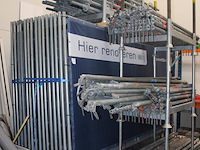 Bouwhekken en voeten in rek voorzien van heftruck lepelgaten. 30 hekken en 26 voeten. bouwhekken zijn voorz... - afbeelding 3 van  4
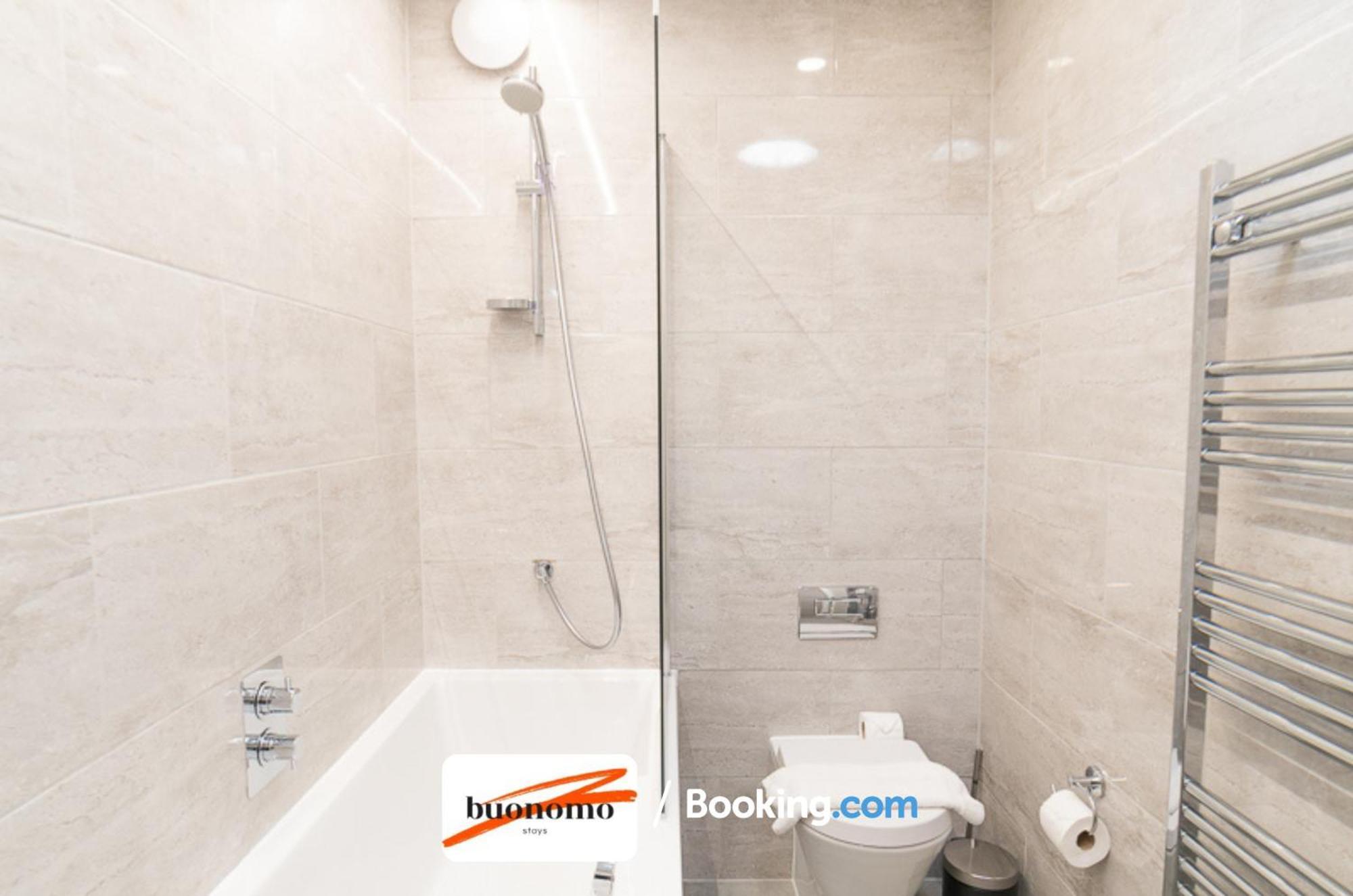 Two Bedroom Apartment At Buonomo Stays Short Lets & Serviced Accommodation لندن المظهر الخارجي الصورة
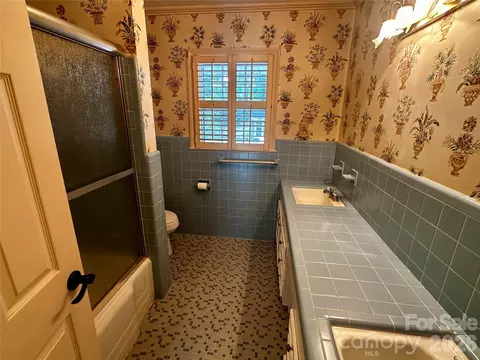 Bath - 501 N Main St, Jefferson, SC 29718 photo 3 of 3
◆ ◆ ◆ ◆
Your copy of the listing should match it exactly, apart from the pictures, which are left out.

# Response
 Bouwhekken en voeten in rek voorzien van heftruck lepelgaten. 30 hekken en 26 voeten. bouwhekken zijn voorz... - afbeelding 3 van  4
 Two Bedroom Apartment At Buonomo Stays Short Lets & Serviced Accommodation لندن المظهر الخارجي الصورة
 Bath - 501 N Main St, Jefferson, SC 29718 photo 3 of 3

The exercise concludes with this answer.